RAW DATA Start Marker

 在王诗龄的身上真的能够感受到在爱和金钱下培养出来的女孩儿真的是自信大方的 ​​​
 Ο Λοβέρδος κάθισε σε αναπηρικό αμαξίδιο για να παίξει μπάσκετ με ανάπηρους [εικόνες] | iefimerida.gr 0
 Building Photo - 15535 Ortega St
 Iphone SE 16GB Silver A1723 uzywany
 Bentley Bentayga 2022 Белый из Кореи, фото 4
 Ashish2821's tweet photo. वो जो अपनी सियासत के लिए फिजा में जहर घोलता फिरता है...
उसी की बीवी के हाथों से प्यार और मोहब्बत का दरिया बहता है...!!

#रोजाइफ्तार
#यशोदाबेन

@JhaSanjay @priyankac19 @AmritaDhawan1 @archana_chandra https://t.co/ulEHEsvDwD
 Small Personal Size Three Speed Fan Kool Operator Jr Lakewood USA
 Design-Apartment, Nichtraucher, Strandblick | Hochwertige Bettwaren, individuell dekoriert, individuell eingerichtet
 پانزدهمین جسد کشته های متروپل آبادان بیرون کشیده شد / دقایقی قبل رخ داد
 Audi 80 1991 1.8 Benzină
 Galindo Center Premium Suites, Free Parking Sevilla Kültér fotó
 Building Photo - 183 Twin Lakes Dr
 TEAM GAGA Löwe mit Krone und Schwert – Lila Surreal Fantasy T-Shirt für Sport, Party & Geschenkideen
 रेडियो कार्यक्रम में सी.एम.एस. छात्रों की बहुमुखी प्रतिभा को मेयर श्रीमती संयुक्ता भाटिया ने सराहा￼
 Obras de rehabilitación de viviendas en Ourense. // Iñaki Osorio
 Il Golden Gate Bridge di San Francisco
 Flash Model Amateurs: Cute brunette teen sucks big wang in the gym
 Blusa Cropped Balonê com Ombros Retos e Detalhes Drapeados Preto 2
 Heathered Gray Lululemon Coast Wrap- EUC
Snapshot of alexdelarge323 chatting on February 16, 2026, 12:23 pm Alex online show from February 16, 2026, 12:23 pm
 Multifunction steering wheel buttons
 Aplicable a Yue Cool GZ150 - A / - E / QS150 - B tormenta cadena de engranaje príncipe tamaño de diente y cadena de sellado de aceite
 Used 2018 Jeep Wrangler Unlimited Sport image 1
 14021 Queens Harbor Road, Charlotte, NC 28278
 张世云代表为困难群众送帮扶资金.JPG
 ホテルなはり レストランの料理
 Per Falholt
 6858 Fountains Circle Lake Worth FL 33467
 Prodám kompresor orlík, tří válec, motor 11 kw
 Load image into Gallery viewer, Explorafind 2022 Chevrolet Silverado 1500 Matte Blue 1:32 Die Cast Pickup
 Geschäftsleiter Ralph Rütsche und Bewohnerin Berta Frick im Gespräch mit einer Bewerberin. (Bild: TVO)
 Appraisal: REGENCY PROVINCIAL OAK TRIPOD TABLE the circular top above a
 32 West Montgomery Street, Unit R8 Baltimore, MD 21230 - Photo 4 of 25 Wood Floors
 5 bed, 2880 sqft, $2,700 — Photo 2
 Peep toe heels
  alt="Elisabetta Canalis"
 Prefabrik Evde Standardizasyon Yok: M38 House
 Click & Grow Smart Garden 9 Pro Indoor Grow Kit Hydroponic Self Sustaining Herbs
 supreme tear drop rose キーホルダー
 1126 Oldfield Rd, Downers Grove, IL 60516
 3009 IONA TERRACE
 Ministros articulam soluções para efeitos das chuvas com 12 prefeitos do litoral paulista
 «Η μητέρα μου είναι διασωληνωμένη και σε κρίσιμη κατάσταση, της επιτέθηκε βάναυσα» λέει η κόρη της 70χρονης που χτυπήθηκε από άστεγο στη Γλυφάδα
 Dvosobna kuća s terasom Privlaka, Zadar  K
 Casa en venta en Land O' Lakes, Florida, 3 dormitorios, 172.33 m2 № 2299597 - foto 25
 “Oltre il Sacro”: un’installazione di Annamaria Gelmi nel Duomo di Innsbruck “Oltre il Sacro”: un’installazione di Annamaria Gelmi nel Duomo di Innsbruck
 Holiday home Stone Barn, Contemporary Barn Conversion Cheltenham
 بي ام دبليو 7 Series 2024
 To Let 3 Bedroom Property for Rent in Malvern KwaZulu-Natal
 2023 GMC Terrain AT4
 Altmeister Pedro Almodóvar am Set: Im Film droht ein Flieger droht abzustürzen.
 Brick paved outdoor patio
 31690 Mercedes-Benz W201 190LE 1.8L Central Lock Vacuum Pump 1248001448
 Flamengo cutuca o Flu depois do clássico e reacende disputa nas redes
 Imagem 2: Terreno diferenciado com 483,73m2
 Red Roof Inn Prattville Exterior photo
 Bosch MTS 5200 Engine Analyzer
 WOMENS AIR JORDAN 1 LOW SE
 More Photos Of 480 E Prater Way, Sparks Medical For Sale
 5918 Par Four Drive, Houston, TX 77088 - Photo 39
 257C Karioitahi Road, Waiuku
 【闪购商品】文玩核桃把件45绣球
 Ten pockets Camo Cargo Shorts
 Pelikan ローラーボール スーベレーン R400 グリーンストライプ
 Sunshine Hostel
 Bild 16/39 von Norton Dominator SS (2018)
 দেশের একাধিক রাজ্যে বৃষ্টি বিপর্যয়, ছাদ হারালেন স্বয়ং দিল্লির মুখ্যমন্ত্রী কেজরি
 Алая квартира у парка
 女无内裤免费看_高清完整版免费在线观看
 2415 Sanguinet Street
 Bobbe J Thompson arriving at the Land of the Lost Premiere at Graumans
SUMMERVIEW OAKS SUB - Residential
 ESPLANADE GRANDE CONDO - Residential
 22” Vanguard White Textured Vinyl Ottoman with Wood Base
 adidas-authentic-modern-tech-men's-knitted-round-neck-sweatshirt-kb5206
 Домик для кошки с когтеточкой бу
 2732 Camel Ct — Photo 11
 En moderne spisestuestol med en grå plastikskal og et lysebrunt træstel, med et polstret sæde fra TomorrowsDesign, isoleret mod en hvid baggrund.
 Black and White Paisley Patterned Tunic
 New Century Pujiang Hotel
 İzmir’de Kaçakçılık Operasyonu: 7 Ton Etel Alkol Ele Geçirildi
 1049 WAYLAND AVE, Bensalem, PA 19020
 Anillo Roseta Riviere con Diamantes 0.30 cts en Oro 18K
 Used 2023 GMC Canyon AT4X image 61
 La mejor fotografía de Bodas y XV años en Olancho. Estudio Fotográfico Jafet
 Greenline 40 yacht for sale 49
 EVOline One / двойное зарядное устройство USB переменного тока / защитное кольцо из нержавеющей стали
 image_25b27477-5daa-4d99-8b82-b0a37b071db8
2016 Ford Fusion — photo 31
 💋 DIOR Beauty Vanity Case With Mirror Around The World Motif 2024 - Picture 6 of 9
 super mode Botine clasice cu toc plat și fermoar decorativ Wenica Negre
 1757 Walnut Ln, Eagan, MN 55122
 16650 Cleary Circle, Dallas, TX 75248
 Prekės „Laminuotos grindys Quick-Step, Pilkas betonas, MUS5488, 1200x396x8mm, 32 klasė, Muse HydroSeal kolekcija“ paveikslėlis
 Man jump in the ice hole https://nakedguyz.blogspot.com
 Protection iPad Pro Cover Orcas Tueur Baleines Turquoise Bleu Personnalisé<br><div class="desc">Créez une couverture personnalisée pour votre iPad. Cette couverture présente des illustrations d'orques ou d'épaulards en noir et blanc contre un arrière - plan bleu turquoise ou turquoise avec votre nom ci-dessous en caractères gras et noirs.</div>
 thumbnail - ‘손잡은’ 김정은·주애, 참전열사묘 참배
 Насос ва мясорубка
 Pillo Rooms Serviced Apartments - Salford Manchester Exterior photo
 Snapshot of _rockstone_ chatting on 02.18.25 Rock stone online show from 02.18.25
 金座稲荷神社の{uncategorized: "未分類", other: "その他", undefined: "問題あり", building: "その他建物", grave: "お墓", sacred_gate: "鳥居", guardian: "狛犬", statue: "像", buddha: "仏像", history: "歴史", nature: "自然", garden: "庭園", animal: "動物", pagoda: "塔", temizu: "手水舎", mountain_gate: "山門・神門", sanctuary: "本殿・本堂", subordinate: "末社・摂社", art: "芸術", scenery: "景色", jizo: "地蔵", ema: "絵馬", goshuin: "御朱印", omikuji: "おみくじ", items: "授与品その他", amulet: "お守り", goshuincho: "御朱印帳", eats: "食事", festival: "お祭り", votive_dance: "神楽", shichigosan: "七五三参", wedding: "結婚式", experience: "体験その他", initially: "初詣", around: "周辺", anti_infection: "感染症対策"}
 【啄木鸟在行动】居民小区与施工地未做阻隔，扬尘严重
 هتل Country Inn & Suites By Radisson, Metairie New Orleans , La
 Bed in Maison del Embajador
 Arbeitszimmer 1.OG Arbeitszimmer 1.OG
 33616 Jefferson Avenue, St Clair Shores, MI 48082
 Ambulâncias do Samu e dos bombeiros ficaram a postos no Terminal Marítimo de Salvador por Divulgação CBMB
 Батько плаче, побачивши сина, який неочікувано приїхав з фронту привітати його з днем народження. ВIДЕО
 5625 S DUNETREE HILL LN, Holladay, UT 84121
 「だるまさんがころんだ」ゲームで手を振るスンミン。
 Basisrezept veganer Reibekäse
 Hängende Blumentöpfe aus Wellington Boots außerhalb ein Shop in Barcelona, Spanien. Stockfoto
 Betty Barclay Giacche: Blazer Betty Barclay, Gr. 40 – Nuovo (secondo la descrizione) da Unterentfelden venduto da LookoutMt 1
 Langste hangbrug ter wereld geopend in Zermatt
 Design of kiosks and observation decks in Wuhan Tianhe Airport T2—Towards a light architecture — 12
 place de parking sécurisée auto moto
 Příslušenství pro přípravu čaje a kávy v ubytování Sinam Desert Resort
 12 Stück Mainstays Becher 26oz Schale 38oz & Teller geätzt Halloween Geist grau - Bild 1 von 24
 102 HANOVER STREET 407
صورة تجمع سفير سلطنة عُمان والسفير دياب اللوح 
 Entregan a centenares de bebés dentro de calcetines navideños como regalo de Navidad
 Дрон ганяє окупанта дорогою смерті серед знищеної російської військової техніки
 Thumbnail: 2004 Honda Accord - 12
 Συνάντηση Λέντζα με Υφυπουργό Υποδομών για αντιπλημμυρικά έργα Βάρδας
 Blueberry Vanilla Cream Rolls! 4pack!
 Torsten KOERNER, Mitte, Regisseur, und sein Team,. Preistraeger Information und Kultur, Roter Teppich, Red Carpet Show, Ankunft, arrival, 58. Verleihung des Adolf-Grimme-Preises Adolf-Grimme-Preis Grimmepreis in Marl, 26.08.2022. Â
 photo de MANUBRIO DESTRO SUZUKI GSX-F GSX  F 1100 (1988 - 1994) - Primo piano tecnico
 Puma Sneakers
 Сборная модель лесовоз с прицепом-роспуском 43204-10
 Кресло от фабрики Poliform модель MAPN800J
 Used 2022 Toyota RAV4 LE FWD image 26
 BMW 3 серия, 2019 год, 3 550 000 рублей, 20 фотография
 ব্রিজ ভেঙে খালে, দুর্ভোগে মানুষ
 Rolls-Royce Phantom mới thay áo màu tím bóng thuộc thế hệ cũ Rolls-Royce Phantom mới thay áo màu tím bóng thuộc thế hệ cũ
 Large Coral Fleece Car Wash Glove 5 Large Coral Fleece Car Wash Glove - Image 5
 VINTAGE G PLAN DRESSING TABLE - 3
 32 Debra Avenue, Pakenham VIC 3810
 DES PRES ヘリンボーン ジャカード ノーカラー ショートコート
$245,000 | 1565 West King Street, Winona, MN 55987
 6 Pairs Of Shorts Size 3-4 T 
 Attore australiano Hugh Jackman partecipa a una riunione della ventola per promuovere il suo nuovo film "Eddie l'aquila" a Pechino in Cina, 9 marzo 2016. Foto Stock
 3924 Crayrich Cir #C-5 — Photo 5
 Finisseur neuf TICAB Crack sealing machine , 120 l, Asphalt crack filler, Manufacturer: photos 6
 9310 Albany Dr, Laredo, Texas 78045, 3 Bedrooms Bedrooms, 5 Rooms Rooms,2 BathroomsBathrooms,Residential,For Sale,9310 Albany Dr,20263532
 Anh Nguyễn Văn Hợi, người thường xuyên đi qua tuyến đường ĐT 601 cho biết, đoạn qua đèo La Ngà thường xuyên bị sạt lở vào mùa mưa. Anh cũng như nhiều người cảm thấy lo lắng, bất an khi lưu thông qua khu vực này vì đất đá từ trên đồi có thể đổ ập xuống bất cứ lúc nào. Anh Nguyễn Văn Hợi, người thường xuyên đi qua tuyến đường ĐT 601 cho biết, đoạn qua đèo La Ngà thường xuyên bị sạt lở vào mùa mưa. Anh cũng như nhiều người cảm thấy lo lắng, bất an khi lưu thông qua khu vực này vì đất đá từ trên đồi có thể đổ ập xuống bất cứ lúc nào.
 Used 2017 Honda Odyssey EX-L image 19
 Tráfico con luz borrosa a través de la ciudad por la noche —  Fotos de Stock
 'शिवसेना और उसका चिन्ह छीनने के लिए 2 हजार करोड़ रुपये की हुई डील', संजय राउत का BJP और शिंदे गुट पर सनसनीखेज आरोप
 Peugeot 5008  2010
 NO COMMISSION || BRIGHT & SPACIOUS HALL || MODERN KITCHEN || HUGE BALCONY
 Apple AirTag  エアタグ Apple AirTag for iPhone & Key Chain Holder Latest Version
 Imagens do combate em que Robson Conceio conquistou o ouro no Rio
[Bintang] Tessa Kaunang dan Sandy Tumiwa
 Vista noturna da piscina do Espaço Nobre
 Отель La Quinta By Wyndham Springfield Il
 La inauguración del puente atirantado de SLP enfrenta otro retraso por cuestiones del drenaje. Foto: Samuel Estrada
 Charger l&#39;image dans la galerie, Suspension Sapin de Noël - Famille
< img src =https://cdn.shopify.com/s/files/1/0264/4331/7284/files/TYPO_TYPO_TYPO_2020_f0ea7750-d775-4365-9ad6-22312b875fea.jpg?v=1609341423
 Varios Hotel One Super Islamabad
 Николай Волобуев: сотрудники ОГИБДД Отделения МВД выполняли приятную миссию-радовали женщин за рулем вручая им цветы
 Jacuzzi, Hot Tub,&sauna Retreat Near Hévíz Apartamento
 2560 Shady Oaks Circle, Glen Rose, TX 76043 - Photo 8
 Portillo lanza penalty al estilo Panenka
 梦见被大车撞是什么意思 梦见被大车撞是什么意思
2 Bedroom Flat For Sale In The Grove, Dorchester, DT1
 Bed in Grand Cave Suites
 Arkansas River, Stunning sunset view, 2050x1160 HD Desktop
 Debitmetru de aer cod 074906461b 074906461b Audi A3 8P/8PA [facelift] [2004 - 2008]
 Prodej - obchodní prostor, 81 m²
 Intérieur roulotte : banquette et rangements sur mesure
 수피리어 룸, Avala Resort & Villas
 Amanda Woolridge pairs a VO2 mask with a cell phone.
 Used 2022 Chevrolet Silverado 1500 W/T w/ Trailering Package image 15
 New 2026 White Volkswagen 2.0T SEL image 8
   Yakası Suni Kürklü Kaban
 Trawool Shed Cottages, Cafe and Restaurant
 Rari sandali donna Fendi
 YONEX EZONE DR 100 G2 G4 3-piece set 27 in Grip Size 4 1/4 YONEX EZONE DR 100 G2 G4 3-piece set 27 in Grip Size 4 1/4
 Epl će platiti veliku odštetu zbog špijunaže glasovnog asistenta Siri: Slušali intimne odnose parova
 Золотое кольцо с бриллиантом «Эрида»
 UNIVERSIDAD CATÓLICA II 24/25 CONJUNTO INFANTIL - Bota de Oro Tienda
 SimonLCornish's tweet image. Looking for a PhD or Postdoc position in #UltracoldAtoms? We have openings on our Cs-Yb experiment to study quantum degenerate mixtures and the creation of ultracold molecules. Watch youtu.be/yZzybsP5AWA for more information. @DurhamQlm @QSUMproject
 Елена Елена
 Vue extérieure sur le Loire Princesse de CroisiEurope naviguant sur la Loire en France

RAW DATA End Marker

◆ **ASSIGNMENT**: Where a line in the records above contains the word "TABLE", include it in the count; state the total and nothing more.

◆ **RESULT OF THE TASK**: 2